Packages
In our Libraries and Packages lesson, we first introduced the concept of the package. In this lesson, let's dive deeper into this topic.
There is a vast universe of functions and tools created by other developers that are available for public use. These tools and functions are bundled together in what is aptly called, a package.
Essentially, a package is a collection of code, data, and
accompanying documentation. For Python, these are hosted on repositories
such as:
The Python Package Index (PyPI) and
The Conda Repository.
Packages on these repositories are
made accessible through package managers such as
Pip,
Conda, or
Poetry.
Every package on a repository is free for users. For instance, when we made a
dataframe, we used the pandas package. To use a
package, it generally involves two steps: installing the package using
a command like:
conda install pandas
and then loading it into our environment
with import
.
conda install pandas # run in a terminal before starting Python
import pandas as pd # run in Python
Package management in Python is handled externally and its installation
method varies across the three main operating systems: Mac, Windows, and Unix.
Owing to its intricate nature, we've positioned the lesson on package
management at the end of this course. Further, throughout this course's
code editors, we've pre-installed Pandas and Seaborn for you using the
Conda package manager, as could be done using the first-line command of
the previous code block. When a package is installed, it's stored in a
specific location on our computer. To utilize it in our current Python
session, we use the import
command, granting access to the
package's data and functionalities. It's important to note that every
time we initiate a new Python session, we'll need to reload any package
we wish to use since Python's environment resets at each start.
PyPI and the Conda Repository hosts tens of thousands of packages. Before being made available, each package undergoes rigorous checks to ensure its contents are accurate and reliable. So we can be safe in knowing the function correctly does what it says it does.
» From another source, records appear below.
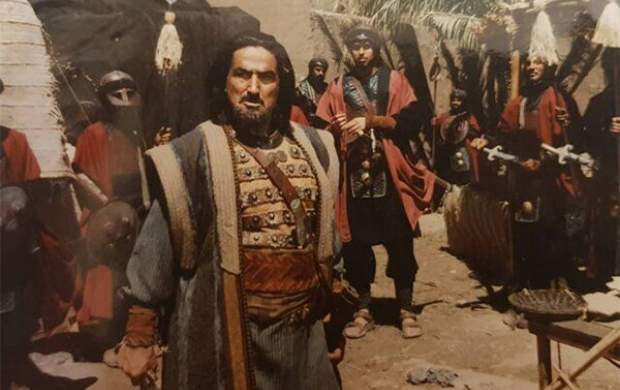 هوشنگ منصورخاکی بازیگر سینما درگذشت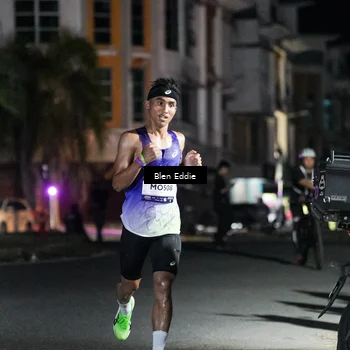 Runner Photo 7664596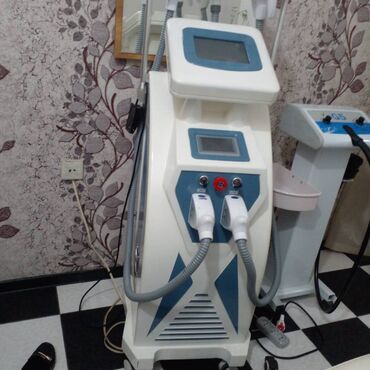 Ətriyyat: Lazer icarəyə verilir aylıq 500 AZN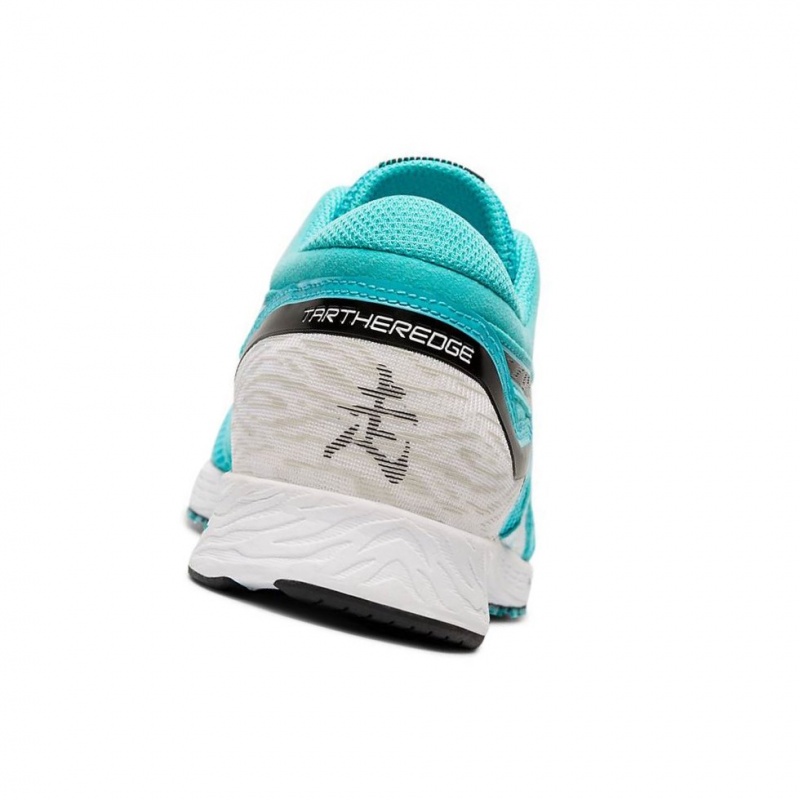 Chaussure Running Asics TARTHEREDGE Femme Menthe | PVZE86450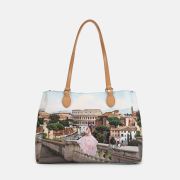 Borsa Tote Ynot?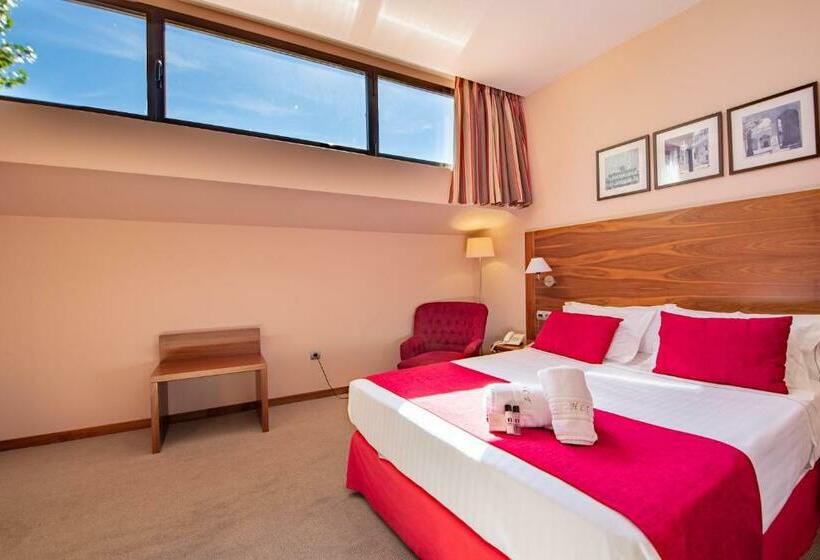 اتاق استاندارد, Hospedium Hotel Casino Del Tormes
Let's explore the import statement further. When we imported the
Pandas package, we assigned it an alias pd using the
as
keyword. An alias is essentially a
shorthand or nickname for the package. By using the alias
pd for pandas, we can invoke functions from the
Pandas library without typing the full package name every time.
It's common practice to use succinct aliases, often just two or
three letters long. While we can choose any alias, there are
conventions that the Python community tends to adopt. For instance,
pd is conventionally used for Pandas and sns for Seaborn.
To utilize a class or function from a package, we start with the package name or its alias, followed by a period. This period signifies the distinction between the package name or alias and the specific class or function we intend to invoke from it.
Package Versions
When package maintainers want to update the code in their package, they will push a new version of their package to a repository with the new code. Users then have the choice to update to this newer version at their convenience. Such updates are crucial to ensure the package is up-to-date with the latest changes, bug fixes, and new features.
As with most of programming, convention has been established in how
packages are versioned.
Packages are identified by three numbers separated by
a period such as 1.0.2
.
Here is what each of these numbers mean:
1._._
: The first digit is the majour version number. A change here implies significant, potentially breaking alterations to the package._.0._
: The middle digit is the minor version number. An increment here introduces new features without compromising existing functions._._.2
: The last digit represents the patch number. An increment typically means minor fixes or enhancements to the package's functions.